The reason for this upturn in form? The defence has certainly begun to look more assured, with Maya Yoshida and Jose Fonte's improvement noticeable as the side has conceded only 4 goals in this 6 game period. Similarly, the promotion of Luke Shaw to the first team ahead of the struggling and seemingly out of his depth Danny Fox has made an obvious difference. Or is it the forward four of Puncheon, Ramirez, Lallana and Lambert finally clicking together? For me, the most significant reason for this upturn in form, alongside a clearly more favourable run of games, has to be the return of Jack Cork in the centre of midfield.

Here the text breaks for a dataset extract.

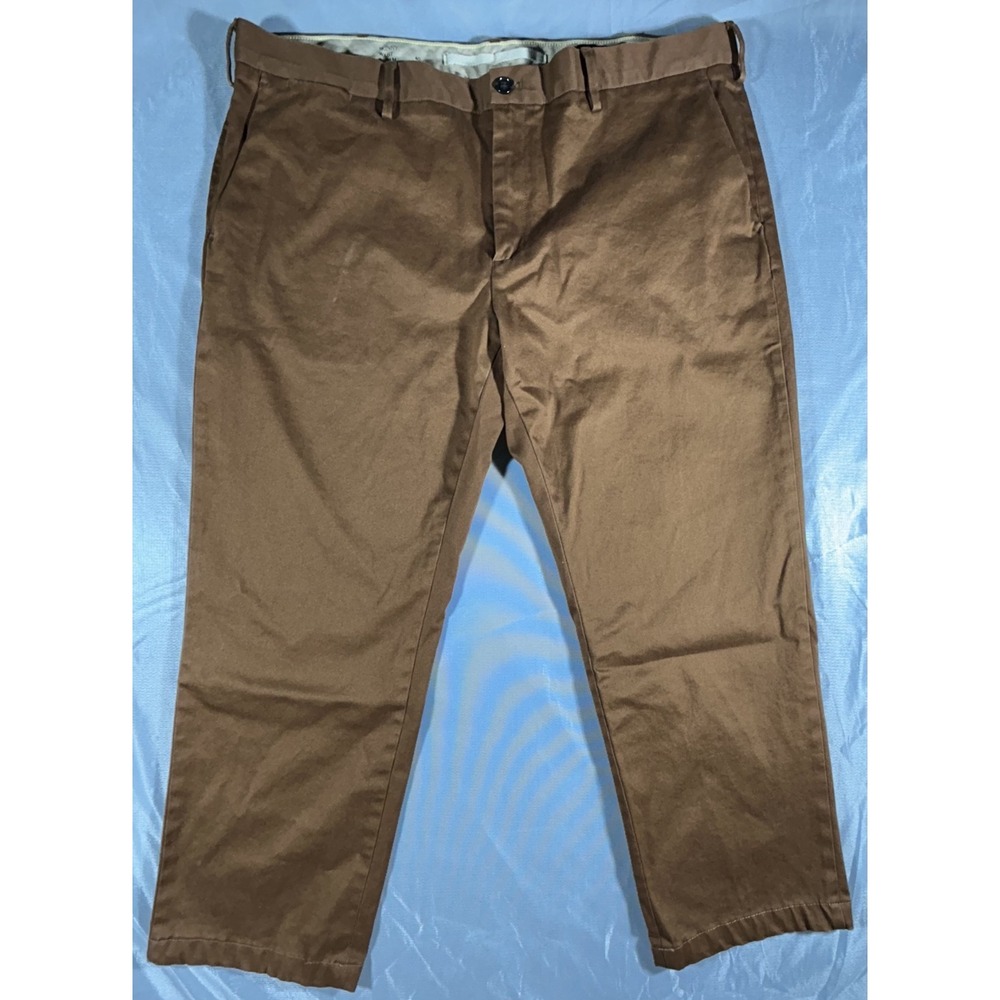 Banana Republic Rapid Movement Chino Pants Mens 40x32 Potter's Clay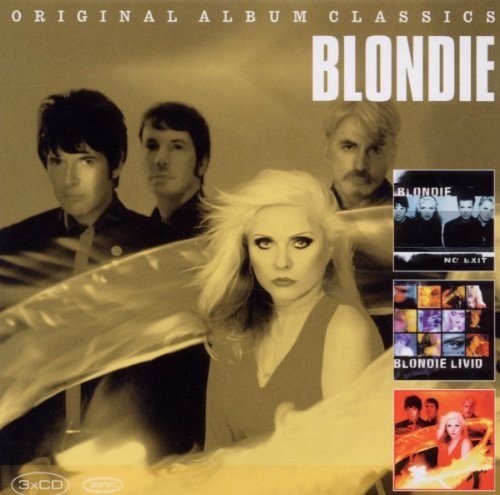 BLONDIE - Origianl Album Classics 3 CD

The standout difference between the two teams on that horrible, and believe me, cold night at the Hawthorns, was the dominance of West Bromwich Albion’s two defensive midfielders, Youssouf Mulumbu and Claudio Yacob, ahead of Southampton’s Morgan Schneiderlin and Steven Davis. The need for better protection for the back four was clear as they took time to adapt to the Premier League, and Cork has done that, and more, as his return to first team action has led to Saints not only looking more solid defensively, but also more dominant in midfield. Cork's biggest strength is that he does the basic things well; he's a solid tackler, a consistent passer, and an intelligent thinker. He often makes the right decisions and this has freed up the players in front of him to attack with more confidence, without worrying that they'll have to score 3 or 4 goals to get anything from the game. In fact, against Norwich and Swansea, Southampton didn't look like conceding, and only did after costly errors from young Goalkeeper Paulo Gazzanigga.

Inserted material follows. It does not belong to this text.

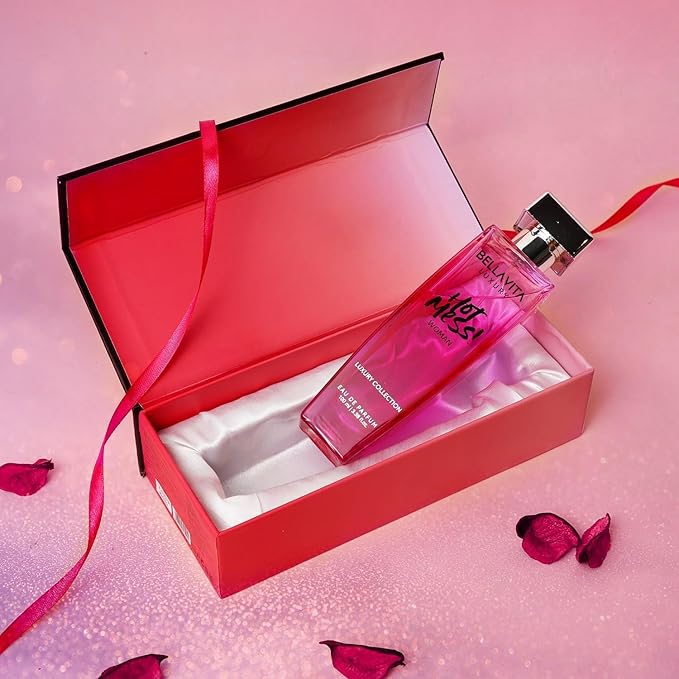 BellaVita Luxury Hot Mess Perfumes for women (100ml) | Luxury Eau De Perfume for Women | Notes of Citrus, Mandarin, Passion Fruit, Floral & Fruity | Premium French Floral Perfume for Women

By giving the defence better protection, and by being reliable, if not error-free, when passing the football, Cork is proving a valuable piece of the Saints Jigsaw, and the massive confidence boost seen in the whole team can be partly put down to the return of the reliable midfielder, the only squad member to have played all 46 league games of the teams promotion to the Premier League from the Championship last season.

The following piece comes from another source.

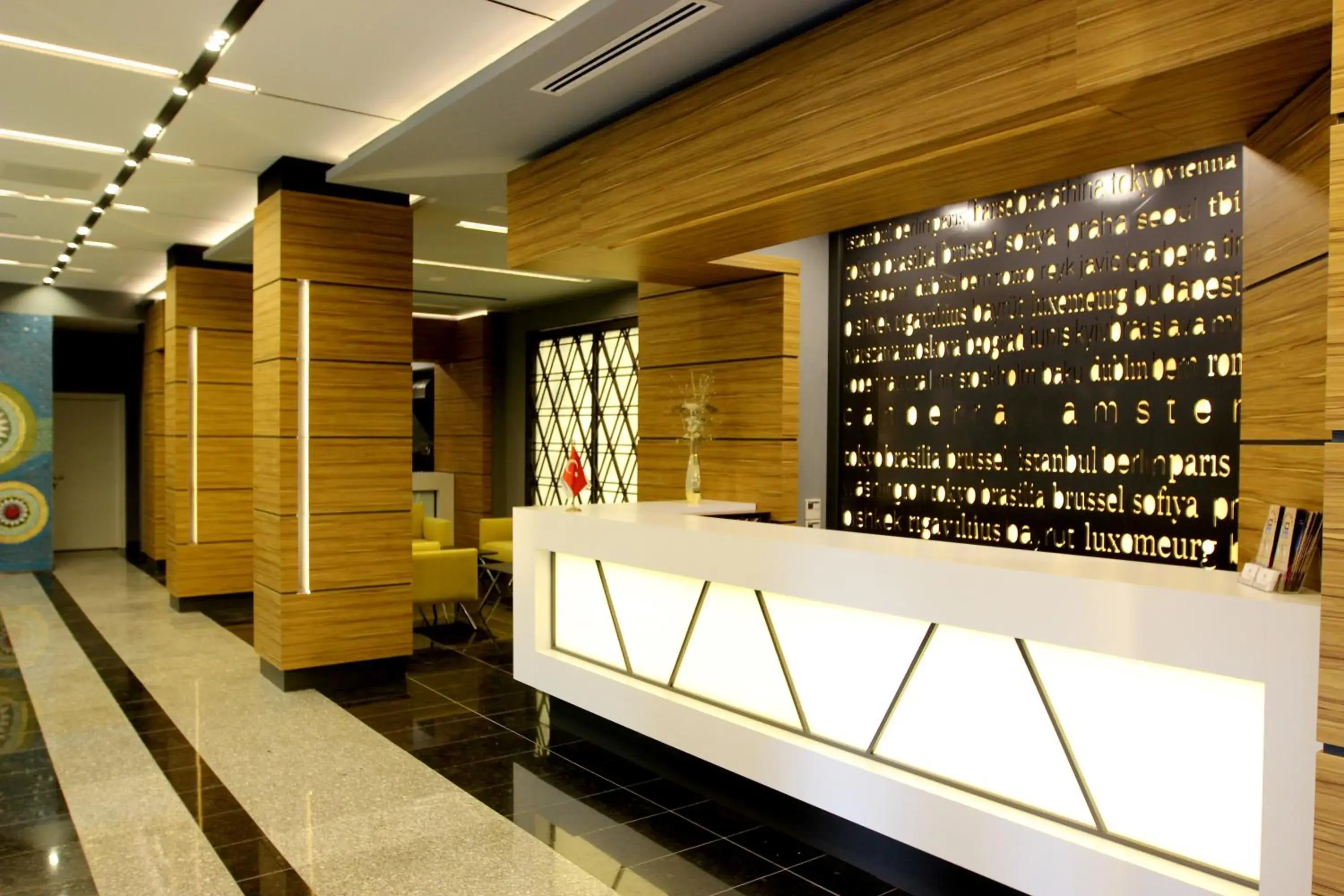 Lobby or reception, Lobby/Reception in Horon Hotel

During that immensely successful campaign, it was easy to overlook the former Chelsea midfielder as the more attacking players including Rickie Lambert, Adam Lallana and, during the second half of the season, Billy Sharp, inexcusably loaned to Nottingham Forest at the start of this season, took centre stage. But, as has been the case on countless occasions in football, his importance to the team was most noticed when he wasn’t there. Without him Southampton made what was already an exceptionally difficult looking start to Premier League life look nigh on impossible and, despite an impressive scoring rate for a newly promoted side, their leaky defence made any chance of a result look very unlikely. Cork’s return to the team has undoubtedly corresponded with a more favourable run of games but it has also coincided with a defensive turnaround that is nothing short of staggering, which is, in this writer’s opinion, no coincidence. The positional discipline that he provides for his team increases the support given to the defence, rather than leaving it to the previously overworked Morgan Schneiderlin to do provide all the protection on his own, and it also frees up the more creative players, Gaston Ramirez being the prime example, to find space and make things happen in the attacking third of the pitch. Southampton look a more cohesive unit and, while it helps that Adkins has been able to name a mostly unchanged side during this run, Cork has been the standout player who has made things tick for the side.
It is imperative the midfielder stay injury-free for as much of the season as possible, as with him lies Southampton's best chance of keeping their place in the division. Saints will need to be at their best over the Christmas period as after a seemingly winnable, and massive game, at home against Sunderland next, they visit Fulham and Stoke, two of the strongest teams at their respective homes in the division, before the visit of Arsenal on New Year’s Day. With Cork fit and playing so well, Saints will at least feel confident of their ability to spring a few surprises.